We associate text with impressive speed and response time. But email moves heavy loads—lots of text and big files—as easily as lighter ones. Its integration into business communication and marketing testifies to its utility.
That’s not going to change any time soon. According to one projection, more than 330 billion emails will be sent and received worldwide in 2022 every day.
Because there are far more emails in the average inbox than SUVs in the average suburb, individual emails can get overlooked. If you’re missing important emails in an inbox stuffed with unimportant ones, check out SaneBox.
SaneBox uses artificial intelligence to learn which emails are important to you, then sorts new inbound messages into user-friendly folders. You’ll no longer be the person who didn’t see important emails from clients, colleagues or your kids’ school.
Marketing emails from your favorite brands automatically land in their designated folder(s) for you to browse when you want. They won’t disrupt you by landing in your primary inbox and yanking away your attention anymore.
What about emails you never intend to open? Banished to the SaneBlackHole, never to return. SaneBox restores time and productivity too often lost to distractions.
Our Recommendation: Use email for longer messages or messages that benefit from a degree of formality or nuance. These messages aren’t as white-hot urgent as those suited for text but are no less critical.
Another plus: Email isn’t as personal or intrusive as text. Receiving an email from someone you don’t know is less disturbing than receiving a text from them. As long as you have your recipient’s email address, you’re good to go.
DMs, and when to slide into them
Direct messaging is both a convenience and an asset when your message is relevant to the platform you’re using. DM-ing a friend-of-a-friend on LinkedIn about a job opening or business opportunity makes complete sense. Go for it; that’s why it’s there.

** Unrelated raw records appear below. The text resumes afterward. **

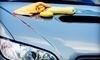 Car Wash Solutions Coupons Brandon, Florida Deals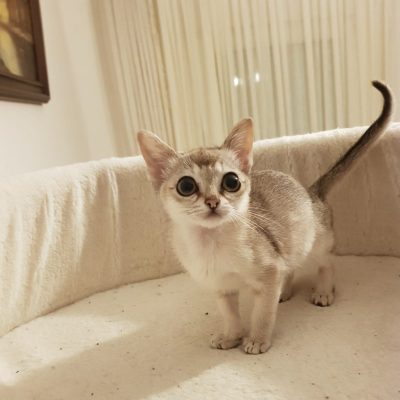 WhatsApp Image 2020-03-18 at 13.23.51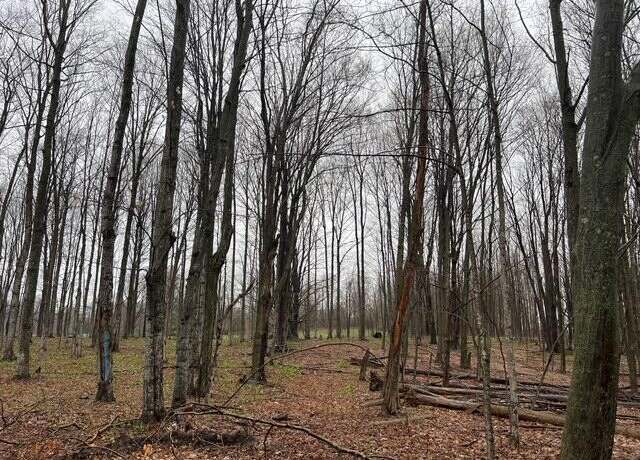 Property at NullA V/l Lake Ann Rd, Lake Ann, MI 49650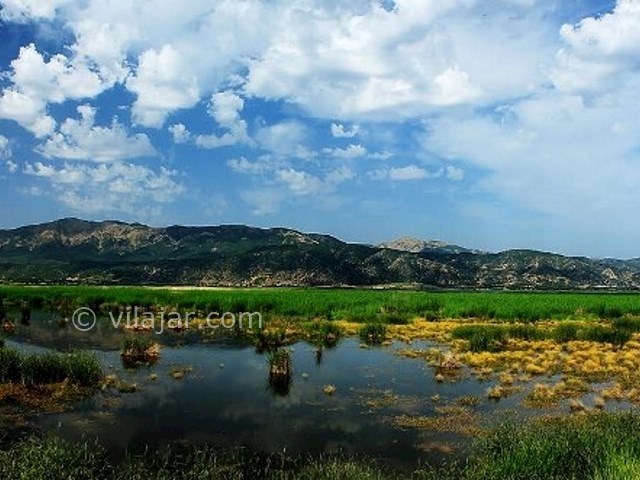 عکس شماره 4 - دریاچه زریوار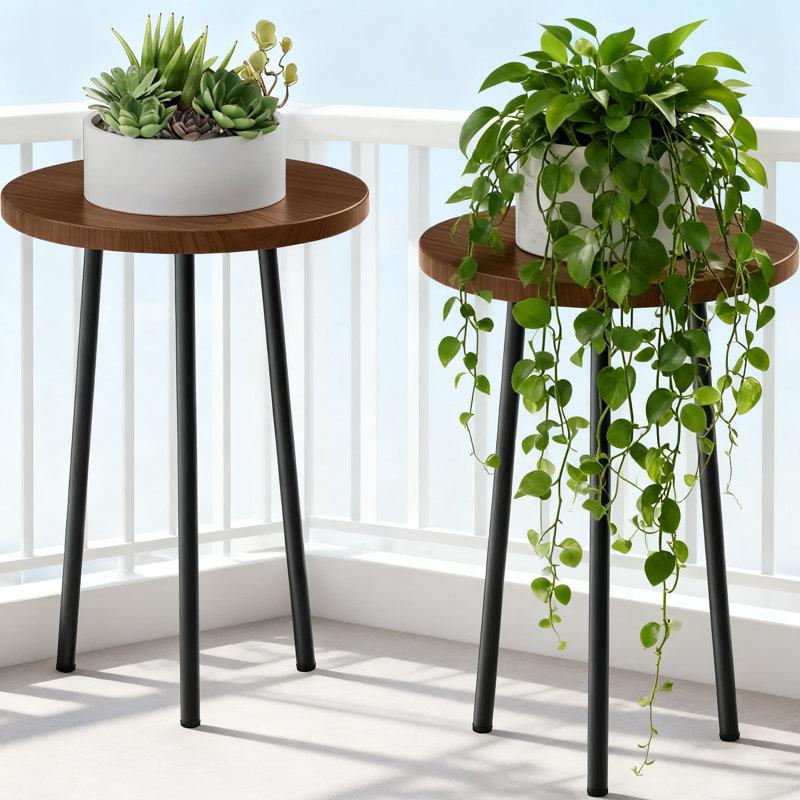 Ensemble de 2 plantes Mid-Century Modern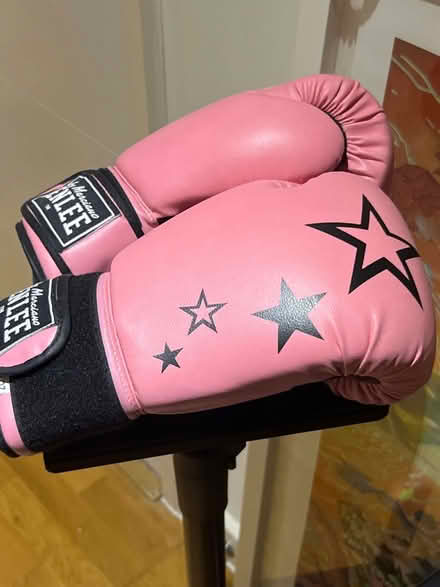 Photo of free Pink boxing gloves (Dan N15) #2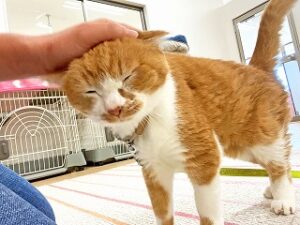 ペットホテルのスタッフさんに甘える猫ちゃん。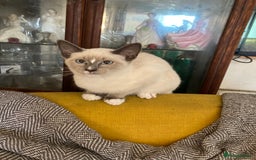 Ragamese cats for sale: Two lovely ragamise boy kittens  - Image 3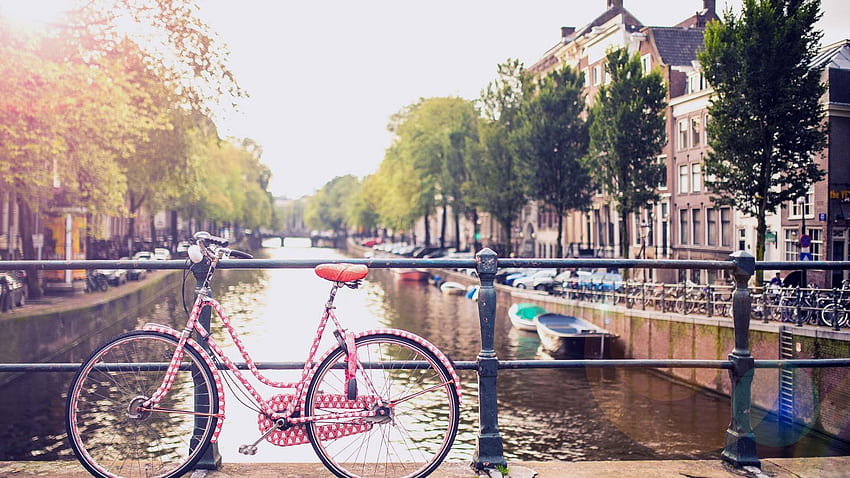 Beautiful Amsterdam iPhone To Inspire Your Wanderlust. Tulips & Travels, Netherlands iPhone HD wallpaper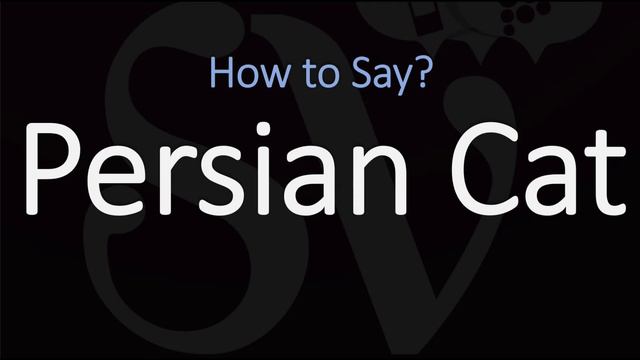 How to Pronounce Persian Cat? (CORRECTLY) смотреть онлайн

However, sending a DM isn’t ideal when your message requires immediate attention. Recipients might not log into a social media platform or check their DMs frequently or at all. They might have turned off the notifier that sends them an email when they receive a DM.
In DM’s favor, it can accommodate lengthier messages better than text can, though not as well as email. Another strength is that recipients surely receive far fewer DMs than emails (assuming you’re not DM-ing a celebrity). Less noise, more visibility.

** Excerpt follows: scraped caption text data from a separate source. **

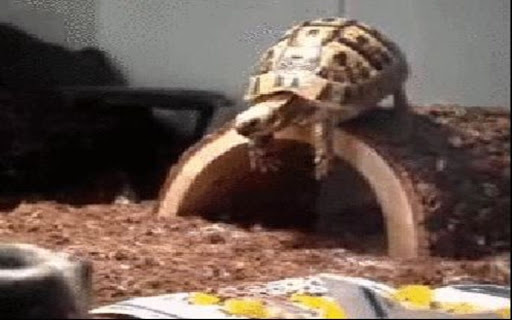 turtle and log wallpaper  from Chrome web store to be run with OffiDocs Chromium online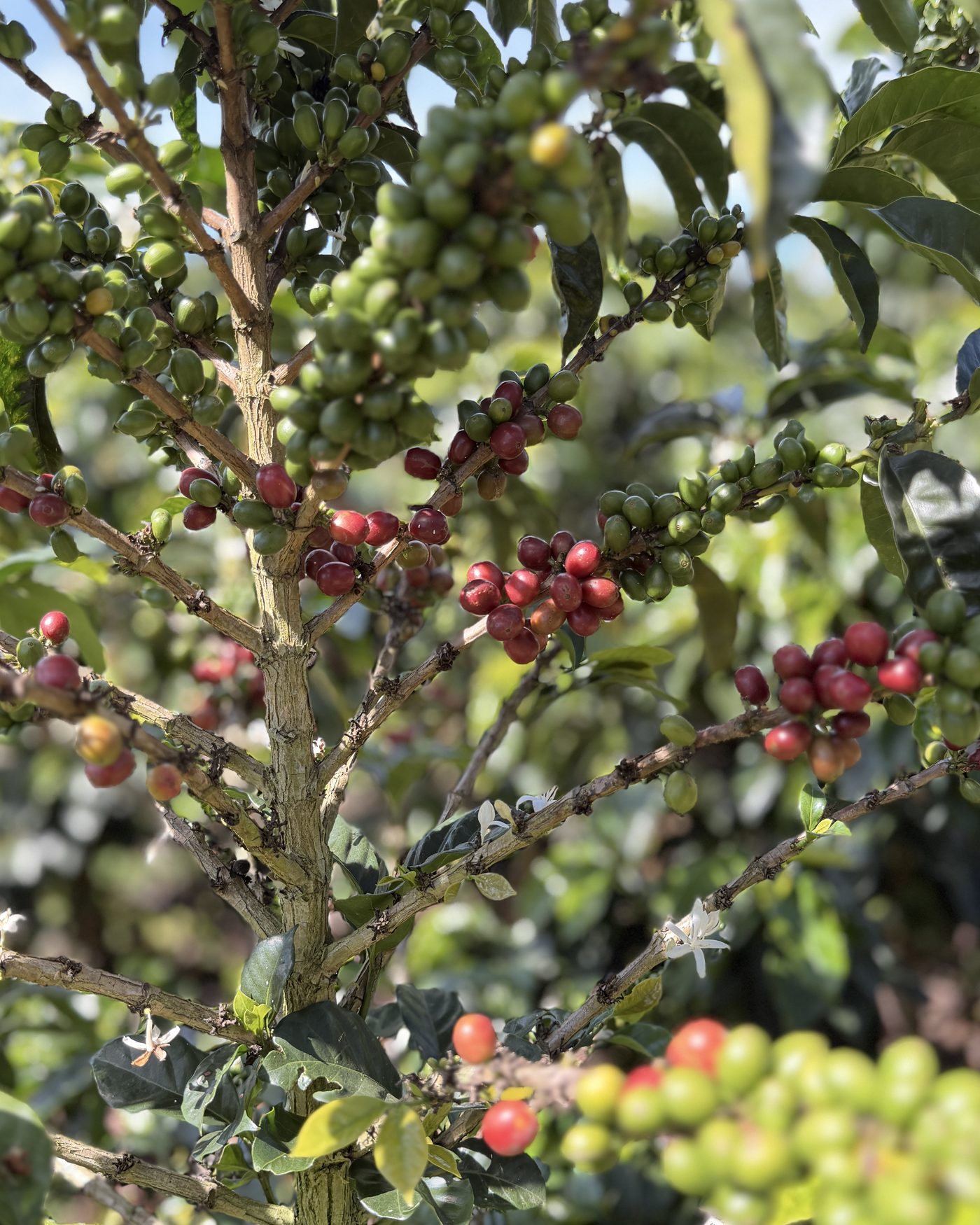 Cerezas maduras de café cultivadas en Valle Sereno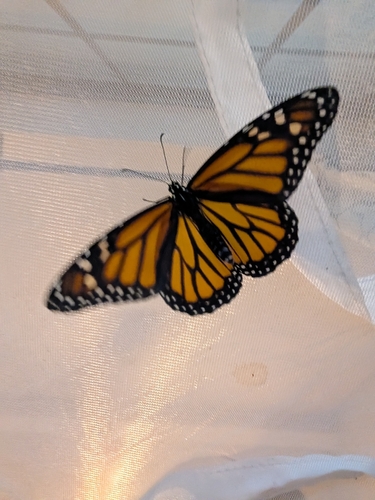 Monarch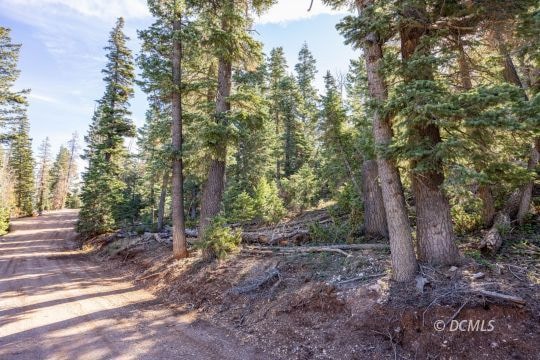1285 W Twisted Trail, Duck Creek Village, UT 84762 - photo 1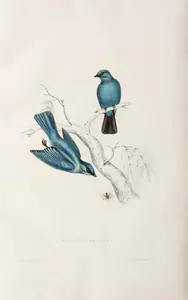 Gould, Elizabeth (Lithographer). Muscicapa Melanops, circa 1832 | Lithograph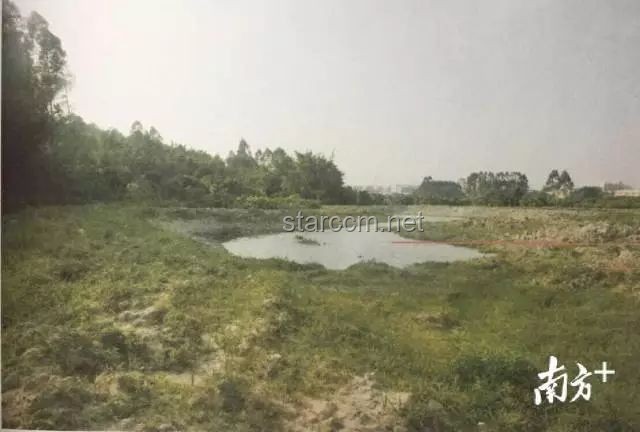 不出钱包下20亩大鱼塘，高效养殖赚取大利润实用指南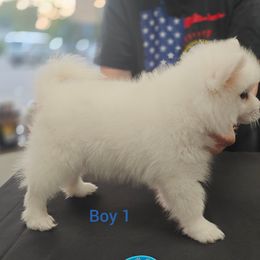 Elvis - White male American Eskimo Dog puppy in Farmington, Minnesota from Fissan American Eskimos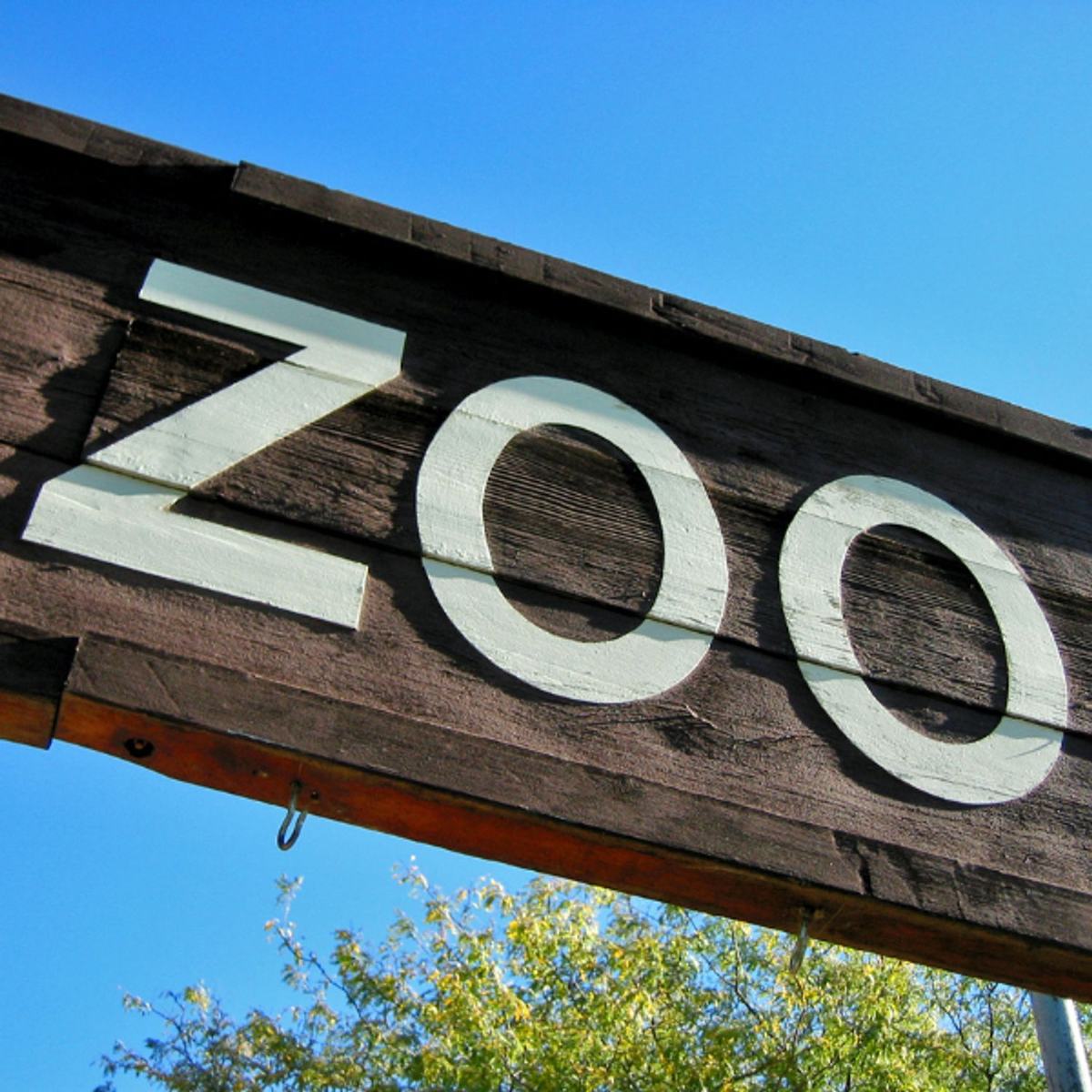 Profitez d’un trajet confortable en VTC pour visiter le zoo de Nantes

Our Recommendation: Direct messages don’t have text’s sense of urgency and aren’t a cornerstone of life the way email is, but that doesn’t lessen DM’s usefulness. In our LinkedIn example, it’s not only a sensible choice; it’s the most sensible. When you have no other contact information for someone, DM just might be your lifeline.
The best tool for the job?
In all cases, the best tool for a job is sound judgment. Text, email and DM each have strengths that amplify our voices, deliver our ideas and get our messages across. Consider this article your communication caddie. We can’t promise your messages will be read or replied to, but choosing your method wisely will increase your odds of landing on the fairway.